Até amanhã, Padre Mário

No tempo do medo e do obscurantismo, o Padre Mário cumpriu com coragem, com capacidade intelectual e paixão o seu papel de sacerdote militante da causa dos pobres.

Quando eu tinha 9 anos, a minha aldeia era pequena e pouco conhecida. Foi quando o Padre Mário chegou para evangelizar e, aí sim, Macieira da Lixa, freguesia do concelho de Felgueiras, cresceu no esclarecimento e na consciencialização contra o fascismo. O senhor padre, de sorriso aberto e luminoso, com aquelas palavras escolhidas e tão bem pronunciadas, falava do absurdo da Guerra Colonial, da injustiça, da exploração, do medo, da tortura da polícia política e da podridão do regime. Foi corajoso quando era preciso ser corajoso. Não teve medo, fez o que tinha de ser feito sem egoísmo, sem pensar em lugares de poder ou benesses pessoais. Foi preso, castigado, afastado, perseguido e discriminado, porque considerava que o papel da igreja é tomar partido, denunciar, informar, esclarecer, consciencializar, politizar, transformar vidas para que, como diz o evangelho, todos tenham vida e vida em abundância.

Quando eu frequentava a escola primária, o Padre Mário mobilizava multidões para assistir às suas homilias de domingo. Em nossa casa, à mesa, lembro-me de o meu pai e os meus irmãos falarem dos autocarros alugados provenientes dos concelhos mais distantes de todo o país que, ao estacionar, enchiam o largo do Cruzeiro. A PIDE costumava furar os pneus desses autocarros e muitas vezes lá levava o Padre Mário detido naquele jipe tão feio, cinzento-escuro.

Eu queria muito ser grande e crescido nesse tempo. Queria participar no grupo de jovens que o Padre Mário organizou, fazer teatro, ajudar na alfabetização, construir habitação social, aprender a tocar música, cantar com ele canções de protesto no altar da minha igreja. Queria ser grande e crescido para jogar voleibol no campo que ele comprou, queria ser mancebo para fugir à Guerra Colonial. Queria ser membro da cooperativa das bordadeiras da Lixa. Queria ser seu companheiro, para ir com ele à noite, clandestinamente, a casa do senhor Bernardino, falar dos direitos das mulheres oprimidas no casamento católico.
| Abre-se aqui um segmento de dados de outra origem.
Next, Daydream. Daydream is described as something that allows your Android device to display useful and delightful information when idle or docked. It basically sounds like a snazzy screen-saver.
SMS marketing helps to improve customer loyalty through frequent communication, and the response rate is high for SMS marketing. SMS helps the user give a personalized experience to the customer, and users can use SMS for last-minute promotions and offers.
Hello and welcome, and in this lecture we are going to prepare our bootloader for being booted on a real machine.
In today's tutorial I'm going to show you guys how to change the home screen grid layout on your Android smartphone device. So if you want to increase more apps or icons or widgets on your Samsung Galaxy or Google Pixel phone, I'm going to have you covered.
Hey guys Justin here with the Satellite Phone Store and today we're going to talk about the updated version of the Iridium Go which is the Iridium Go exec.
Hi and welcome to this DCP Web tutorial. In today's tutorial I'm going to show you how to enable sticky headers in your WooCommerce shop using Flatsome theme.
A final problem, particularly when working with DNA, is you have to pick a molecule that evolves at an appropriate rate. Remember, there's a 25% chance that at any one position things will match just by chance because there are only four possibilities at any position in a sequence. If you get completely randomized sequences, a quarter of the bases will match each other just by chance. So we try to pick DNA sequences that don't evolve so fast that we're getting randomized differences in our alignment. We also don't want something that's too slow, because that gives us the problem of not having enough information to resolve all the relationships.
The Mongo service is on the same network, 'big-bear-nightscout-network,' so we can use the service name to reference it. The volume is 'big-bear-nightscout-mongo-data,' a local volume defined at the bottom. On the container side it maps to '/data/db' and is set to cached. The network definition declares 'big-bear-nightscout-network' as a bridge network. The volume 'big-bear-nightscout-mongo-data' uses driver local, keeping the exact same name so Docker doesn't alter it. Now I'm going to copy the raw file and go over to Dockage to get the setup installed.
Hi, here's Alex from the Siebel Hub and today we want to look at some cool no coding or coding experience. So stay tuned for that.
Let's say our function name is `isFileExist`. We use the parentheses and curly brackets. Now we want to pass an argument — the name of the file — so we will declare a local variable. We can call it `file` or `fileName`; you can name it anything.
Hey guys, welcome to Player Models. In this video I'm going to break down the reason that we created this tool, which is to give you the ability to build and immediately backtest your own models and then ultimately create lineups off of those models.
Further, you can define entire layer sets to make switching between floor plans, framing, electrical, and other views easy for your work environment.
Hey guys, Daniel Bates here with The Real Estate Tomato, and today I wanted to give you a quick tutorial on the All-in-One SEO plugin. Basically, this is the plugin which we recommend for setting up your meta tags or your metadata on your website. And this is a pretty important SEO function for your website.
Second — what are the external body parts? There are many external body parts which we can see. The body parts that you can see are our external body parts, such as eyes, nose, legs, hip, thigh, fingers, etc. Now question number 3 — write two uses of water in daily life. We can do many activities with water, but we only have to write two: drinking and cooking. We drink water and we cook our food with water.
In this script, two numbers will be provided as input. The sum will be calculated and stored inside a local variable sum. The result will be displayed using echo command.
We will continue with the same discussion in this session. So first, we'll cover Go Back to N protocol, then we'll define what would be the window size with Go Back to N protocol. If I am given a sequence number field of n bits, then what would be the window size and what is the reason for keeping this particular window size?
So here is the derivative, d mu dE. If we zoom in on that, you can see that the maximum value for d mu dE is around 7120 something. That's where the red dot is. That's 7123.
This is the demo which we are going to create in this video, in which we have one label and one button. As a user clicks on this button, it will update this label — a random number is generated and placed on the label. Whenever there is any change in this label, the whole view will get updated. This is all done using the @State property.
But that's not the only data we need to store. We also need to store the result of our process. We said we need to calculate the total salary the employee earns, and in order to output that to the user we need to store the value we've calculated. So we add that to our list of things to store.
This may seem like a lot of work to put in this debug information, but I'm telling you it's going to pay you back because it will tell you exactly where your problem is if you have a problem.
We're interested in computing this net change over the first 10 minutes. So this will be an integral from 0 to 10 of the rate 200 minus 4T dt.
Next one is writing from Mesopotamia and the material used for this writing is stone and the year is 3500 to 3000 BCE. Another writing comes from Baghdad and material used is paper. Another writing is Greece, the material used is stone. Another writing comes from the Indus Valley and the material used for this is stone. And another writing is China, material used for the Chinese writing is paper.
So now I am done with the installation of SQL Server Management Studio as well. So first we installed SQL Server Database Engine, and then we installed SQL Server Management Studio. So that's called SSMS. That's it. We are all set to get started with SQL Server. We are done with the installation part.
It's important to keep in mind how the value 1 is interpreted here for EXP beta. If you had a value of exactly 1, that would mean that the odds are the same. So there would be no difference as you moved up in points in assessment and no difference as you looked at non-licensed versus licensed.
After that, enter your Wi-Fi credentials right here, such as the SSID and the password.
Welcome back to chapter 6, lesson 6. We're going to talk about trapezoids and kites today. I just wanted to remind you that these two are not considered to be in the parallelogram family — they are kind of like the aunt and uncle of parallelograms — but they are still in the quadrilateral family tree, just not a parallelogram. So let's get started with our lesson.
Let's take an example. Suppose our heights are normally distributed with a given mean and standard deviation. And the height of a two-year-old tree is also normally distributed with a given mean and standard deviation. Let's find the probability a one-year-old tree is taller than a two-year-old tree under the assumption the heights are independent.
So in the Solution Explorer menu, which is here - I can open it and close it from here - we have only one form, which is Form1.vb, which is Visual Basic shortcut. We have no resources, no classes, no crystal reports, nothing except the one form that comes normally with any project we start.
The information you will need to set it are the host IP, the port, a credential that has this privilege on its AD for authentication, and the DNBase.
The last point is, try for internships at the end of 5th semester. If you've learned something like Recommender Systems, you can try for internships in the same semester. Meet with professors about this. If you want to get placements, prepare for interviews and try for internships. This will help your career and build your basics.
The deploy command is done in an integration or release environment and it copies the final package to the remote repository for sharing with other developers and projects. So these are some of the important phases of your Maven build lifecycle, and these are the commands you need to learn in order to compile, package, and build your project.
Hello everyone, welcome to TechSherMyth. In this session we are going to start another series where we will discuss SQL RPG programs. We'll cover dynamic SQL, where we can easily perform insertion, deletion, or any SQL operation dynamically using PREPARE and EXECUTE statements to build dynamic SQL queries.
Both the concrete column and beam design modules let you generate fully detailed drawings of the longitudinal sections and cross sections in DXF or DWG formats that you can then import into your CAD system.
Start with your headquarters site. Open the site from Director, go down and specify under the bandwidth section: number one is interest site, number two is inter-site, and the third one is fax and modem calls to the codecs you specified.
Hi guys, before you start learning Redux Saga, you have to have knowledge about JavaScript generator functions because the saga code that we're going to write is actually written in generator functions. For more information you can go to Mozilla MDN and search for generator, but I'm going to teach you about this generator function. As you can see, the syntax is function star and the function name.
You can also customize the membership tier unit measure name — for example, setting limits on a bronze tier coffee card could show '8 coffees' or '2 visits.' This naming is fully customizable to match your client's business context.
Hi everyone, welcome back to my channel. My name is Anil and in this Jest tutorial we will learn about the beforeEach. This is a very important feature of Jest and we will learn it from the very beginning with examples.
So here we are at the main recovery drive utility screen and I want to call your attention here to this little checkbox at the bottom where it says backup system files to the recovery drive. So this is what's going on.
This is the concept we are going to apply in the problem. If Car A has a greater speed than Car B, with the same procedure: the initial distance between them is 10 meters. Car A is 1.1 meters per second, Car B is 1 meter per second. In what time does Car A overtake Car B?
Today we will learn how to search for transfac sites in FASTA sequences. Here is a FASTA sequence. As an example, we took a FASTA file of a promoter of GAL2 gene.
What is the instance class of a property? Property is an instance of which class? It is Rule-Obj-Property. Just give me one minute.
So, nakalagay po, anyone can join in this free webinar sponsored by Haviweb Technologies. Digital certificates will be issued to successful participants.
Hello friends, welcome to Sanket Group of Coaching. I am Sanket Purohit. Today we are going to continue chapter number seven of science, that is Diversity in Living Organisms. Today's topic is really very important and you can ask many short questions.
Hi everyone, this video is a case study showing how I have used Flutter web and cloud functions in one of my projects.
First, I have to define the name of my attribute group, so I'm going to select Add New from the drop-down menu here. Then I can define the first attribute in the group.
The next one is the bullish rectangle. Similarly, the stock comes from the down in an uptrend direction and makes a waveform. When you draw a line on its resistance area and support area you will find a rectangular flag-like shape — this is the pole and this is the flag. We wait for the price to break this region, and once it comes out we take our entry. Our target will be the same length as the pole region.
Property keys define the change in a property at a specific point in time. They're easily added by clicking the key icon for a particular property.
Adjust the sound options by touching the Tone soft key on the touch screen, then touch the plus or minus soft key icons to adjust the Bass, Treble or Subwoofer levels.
Nesse tempo do medo e do obscurantismo, o Padre Mário cumpriu com coragem, com capacidade intelectual e paixão o seu papel de sacerdote militante da causa dos pobres. Semeou muito, colheu menos, viu Abril abrir uma nova esperança de vida para os explorados. Celebrou porque ajudou a construir essa revolução. Foi expulso pela hierarquia da igreja e deixou Macieira. Mais tarde voltou. Fomos buscá-lo a Braga. Construímos uma comunidade de cristãos de base em Macieira da Lixa, reunimos, cantámos, lutámos, viajámos para outros territórios, conhecemos novos companheiros comprometidos com a transformação social do evangelho libertador. Aprendemos a ler com espírito crítico o jornal Fraternizar. Cresci muito com ele. Ensinou-me a não ser “cagarolas”. Sempre que eu lhe falava de uma luta de sucesso, dizia que já me devia ter metido noutra. Com o Padre Mário percebi que não há alegria maior do que lutar pelo bem dos outros. Com ele também percebi que ser incómodo e apanhar porrada dos que estão instalados no sistema é sinal de que estamos no caminho certo. Dia 30 de Janeiro de 2002, enviou-me uma carta onde se pode ler isto: “Querido José Antonio Pinto, nosso Chalana. No teu exemplo de vida militante encontro forças para prosseguir na minha vida como quem vê o invisível”.

Não sei, padre Mário, se um dia nos vamos encontrar para lutar e gargalhar longe daqui. Continuo, como sempre, amarrado a si. Explicando melhor: mesmo sem possibilidade de, a partir de agora, o poder abraçar, ficarei com a tatuagem do seu sorriso, do seu exemplo de vida, da sua coragem e coerência. Este texto é para lhe agradecer tudo o que fez sem medo contra a ditadura fascista e para lhe prometer que vou continuar a seguir, com todas as forças e entusiasmo, pelo caminho da luta, porque é como um dia me disse: “É aí, Chalana, que sentes a doce carícia da vida”. Até amanhã, Padre Mário!